# Linear Function

The equation of a **linear function** is:

**y = mx + b**

Its **graph** is an **oblique straight line**, which is defined by two points of the function.

y = x + 4

x | 0 | −4 |
---|---|---|

y = x + 4 | 4 | 0 |

**m** is the slope of the straight line.

The slope is the inclination of the line with respect to the x-axis.

If **m > 0**, the **function** is **increasing** and the **angle** of the line with the positive x-axis is **acute**.

If **m < 0**, the **function** is **decreasing** and the **angle** between the line with the positive x-axis is **obtuse**.

Two parallel lines have the same slope.

**n** is the **y-intercept** and indicates the intersecting point of the line with the vertical axis.

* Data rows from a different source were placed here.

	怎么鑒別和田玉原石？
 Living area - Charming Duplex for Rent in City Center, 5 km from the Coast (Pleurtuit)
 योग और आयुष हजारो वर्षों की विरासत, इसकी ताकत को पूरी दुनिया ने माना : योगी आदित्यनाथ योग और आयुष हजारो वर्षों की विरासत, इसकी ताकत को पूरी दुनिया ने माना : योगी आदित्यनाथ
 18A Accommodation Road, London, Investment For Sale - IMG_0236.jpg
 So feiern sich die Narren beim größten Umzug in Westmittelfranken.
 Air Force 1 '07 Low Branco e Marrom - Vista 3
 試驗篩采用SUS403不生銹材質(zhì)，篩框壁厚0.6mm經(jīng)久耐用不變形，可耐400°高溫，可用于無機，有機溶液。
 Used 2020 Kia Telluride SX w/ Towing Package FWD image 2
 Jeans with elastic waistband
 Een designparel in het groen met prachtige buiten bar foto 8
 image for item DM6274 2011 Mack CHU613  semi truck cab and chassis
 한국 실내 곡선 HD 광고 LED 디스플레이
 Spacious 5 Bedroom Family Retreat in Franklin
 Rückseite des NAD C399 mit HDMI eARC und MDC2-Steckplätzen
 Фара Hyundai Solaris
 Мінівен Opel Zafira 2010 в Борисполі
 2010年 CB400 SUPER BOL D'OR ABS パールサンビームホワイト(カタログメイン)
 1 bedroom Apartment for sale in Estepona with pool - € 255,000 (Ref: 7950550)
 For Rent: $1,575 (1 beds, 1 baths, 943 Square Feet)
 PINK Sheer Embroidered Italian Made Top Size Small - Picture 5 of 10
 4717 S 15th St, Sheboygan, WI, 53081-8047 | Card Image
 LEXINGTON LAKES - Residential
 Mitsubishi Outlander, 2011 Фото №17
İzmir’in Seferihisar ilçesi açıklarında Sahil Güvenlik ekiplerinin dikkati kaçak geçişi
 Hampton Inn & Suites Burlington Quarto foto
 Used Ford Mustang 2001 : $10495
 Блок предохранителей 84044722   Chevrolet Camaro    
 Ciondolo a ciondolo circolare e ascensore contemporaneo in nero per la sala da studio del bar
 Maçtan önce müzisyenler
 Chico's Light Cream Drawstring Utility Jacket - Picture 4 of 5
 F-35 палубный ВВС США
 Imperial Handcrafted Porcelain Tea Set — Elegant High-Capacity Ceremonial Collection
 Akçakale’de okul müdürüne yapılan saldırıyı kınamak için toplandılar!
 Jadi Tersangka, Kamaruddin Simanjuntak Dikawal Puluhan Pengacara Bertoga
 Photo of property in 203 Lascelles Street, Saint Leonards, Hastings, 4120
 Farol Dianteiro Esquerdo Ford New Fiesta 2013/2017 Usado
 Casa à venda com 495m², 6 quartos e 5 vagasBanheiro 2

If **b = 0**, the equation of a **linear function** is:

**y = mx**

Its graph is a straight line passing through the origin.

y = 2x

x | 0 | 1 | 2 | 3 | 4 |
---|---|---|---|---|---|

y = 2x | 0 | 2 | 4 | 6 | 8 |

### Identity Function

**y = x**

Its graph is the bisector of the first and third quadrant.

#### Examples

1 y = 2x - 1

x | y = 2x-1 |
---|---|

0 | -1 |

1 | 1 |

2y = -¾x - 1

x | y = -¾x-1 |
---|---|

0 | -1 |

4 | -4 |